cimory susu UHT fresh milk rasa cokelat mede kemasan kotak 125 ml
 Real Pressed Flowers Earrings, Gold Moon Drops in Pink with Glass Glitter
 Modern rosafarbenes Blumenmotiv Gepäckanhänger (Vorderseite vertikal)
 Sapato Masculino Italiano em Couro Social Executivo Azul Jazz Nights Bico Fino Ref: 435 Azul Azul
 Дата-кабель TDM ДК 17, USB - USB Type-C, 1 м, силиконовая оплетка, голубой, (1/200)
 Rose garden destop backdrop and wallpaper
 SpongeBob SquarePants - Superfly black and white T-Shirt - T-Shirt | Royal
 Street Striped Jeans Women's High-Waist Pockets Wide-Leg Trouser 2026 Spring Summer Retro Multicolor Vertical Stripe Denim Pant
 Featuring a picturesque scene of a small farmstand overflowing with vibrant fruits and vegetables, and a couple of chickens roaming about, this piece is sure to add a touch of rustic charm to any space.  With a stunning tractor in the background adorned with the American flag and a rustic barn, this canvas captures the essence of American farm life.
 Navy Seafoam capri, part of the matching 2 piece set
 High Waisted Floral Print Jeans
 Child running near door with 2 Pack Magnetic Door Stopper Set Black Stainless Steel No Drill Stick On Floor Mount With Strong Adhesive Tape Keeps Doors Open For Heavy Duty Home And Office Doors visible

## What you are asked to do
Reproduce, exactly and in full, the lines from the one that contains "High Waisted Floral Print Jeans" to the end of the material.

## Answer space
 High Waisted Floral Print Jeans
 Child running near door with 2 Pack Magnetic Door Stopper Set Black Stainless Steel No Drill Stick On Floor Mount With Strong Adhesive Tape Keeps Doors Open For Heavy Duty Home And Office Doors visible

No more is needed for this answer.